## Activity
Print, exactly as they appear in the listing below, the lines from the line with "火箭与灰熊重磅交易震动联盟重塑西部格局前景解析新赛季走向深度" to the line with "Poly Bridge 2", with both end lines kept.

## Data to use

- Opening Delimiter -

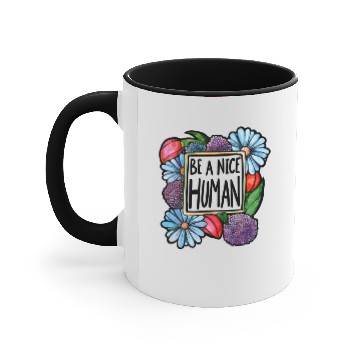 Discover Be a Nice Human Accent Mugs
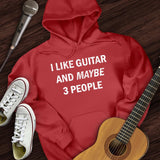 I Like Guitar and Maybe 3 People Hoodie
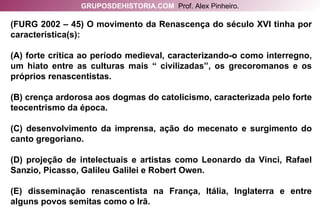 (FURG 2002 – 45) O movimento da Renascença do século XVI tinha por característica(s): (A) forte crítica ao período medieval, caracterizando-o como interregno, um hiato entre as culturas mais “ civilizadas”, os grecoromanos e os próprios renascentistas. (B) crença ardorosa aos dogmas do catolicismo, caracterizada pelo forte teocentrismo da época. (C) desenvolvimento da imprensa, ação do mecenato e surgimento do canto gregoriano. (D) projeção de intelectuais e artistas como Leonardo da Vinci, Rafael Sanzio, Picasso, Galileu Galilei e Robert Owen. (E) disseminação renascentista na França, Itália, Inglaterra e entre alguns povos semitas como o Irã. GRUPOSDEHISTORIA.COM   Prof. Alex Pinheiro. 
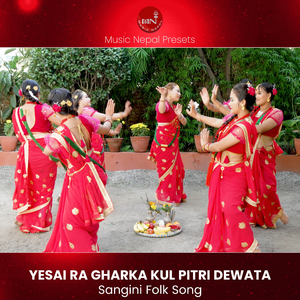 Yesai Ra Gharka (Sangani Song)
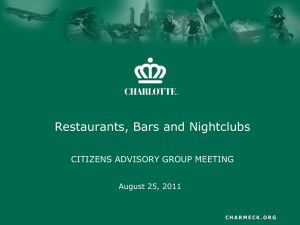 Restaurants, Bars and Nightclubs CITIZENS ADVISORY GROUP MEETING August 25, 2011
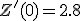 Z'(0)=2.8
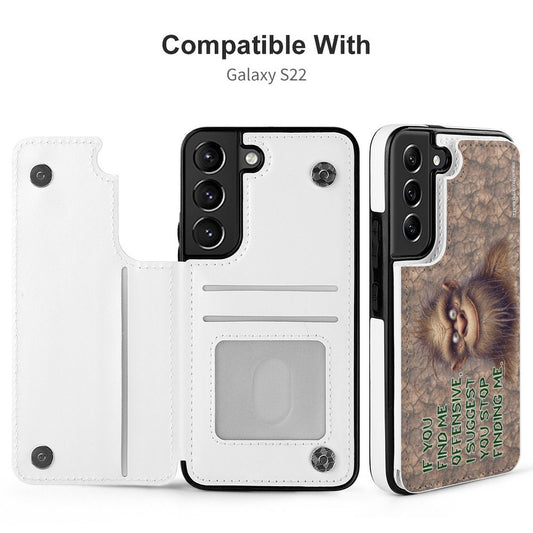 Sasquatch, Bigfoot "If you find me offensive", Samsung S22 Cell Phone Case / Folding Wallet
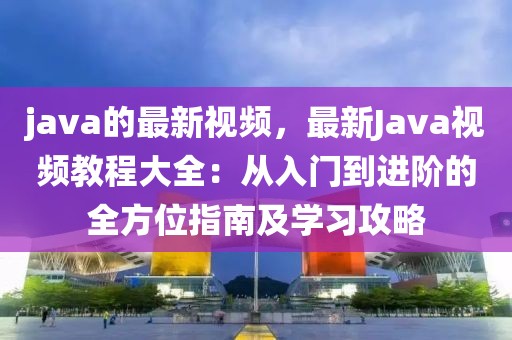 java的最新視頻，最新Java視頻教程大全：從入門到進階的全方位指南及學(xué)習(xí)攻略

- Closing Delimiter -
- Opening Delimiter -

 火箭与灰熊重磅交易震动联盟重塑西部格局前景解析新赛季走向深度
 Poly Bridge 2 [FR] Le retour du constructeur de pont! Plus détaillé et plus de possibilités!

- Closing Delimiter -
- Opening Delimiter -

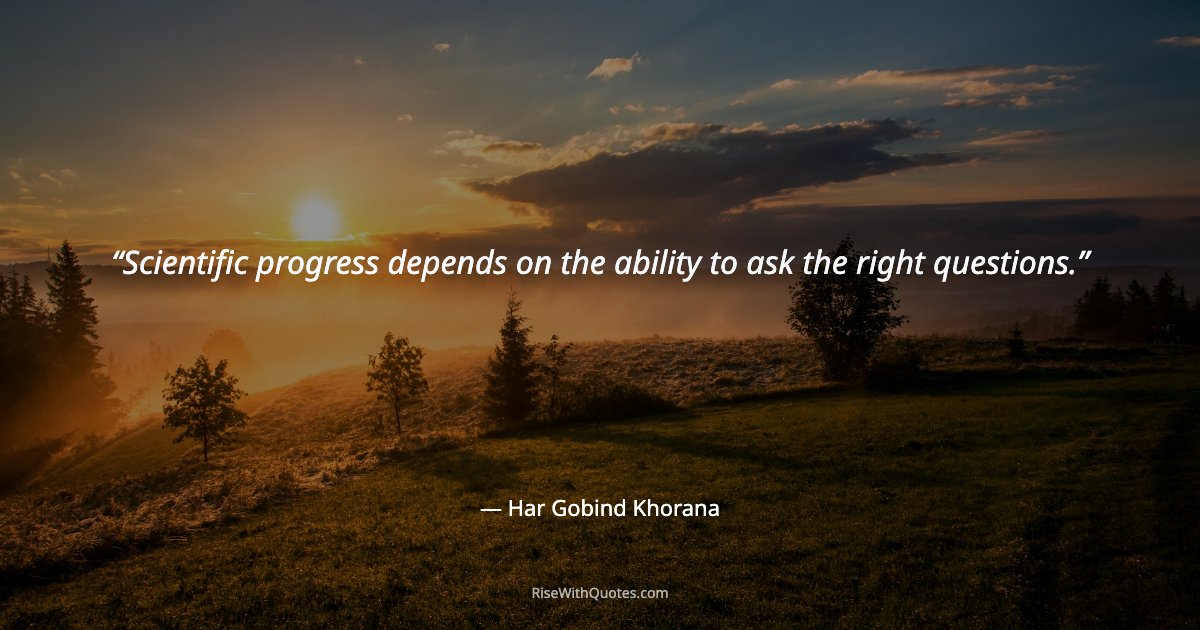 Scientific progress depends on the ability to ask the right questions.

- Closing Delimiter -

## Answer space
 火箭与灰熊重磅交易震动联盟重塑西部格局前景解析新赛季走向深度
 Poly Bridge 2 [FR] Le retour du constructeur de pont! Plus détaillé et plus de possibilités!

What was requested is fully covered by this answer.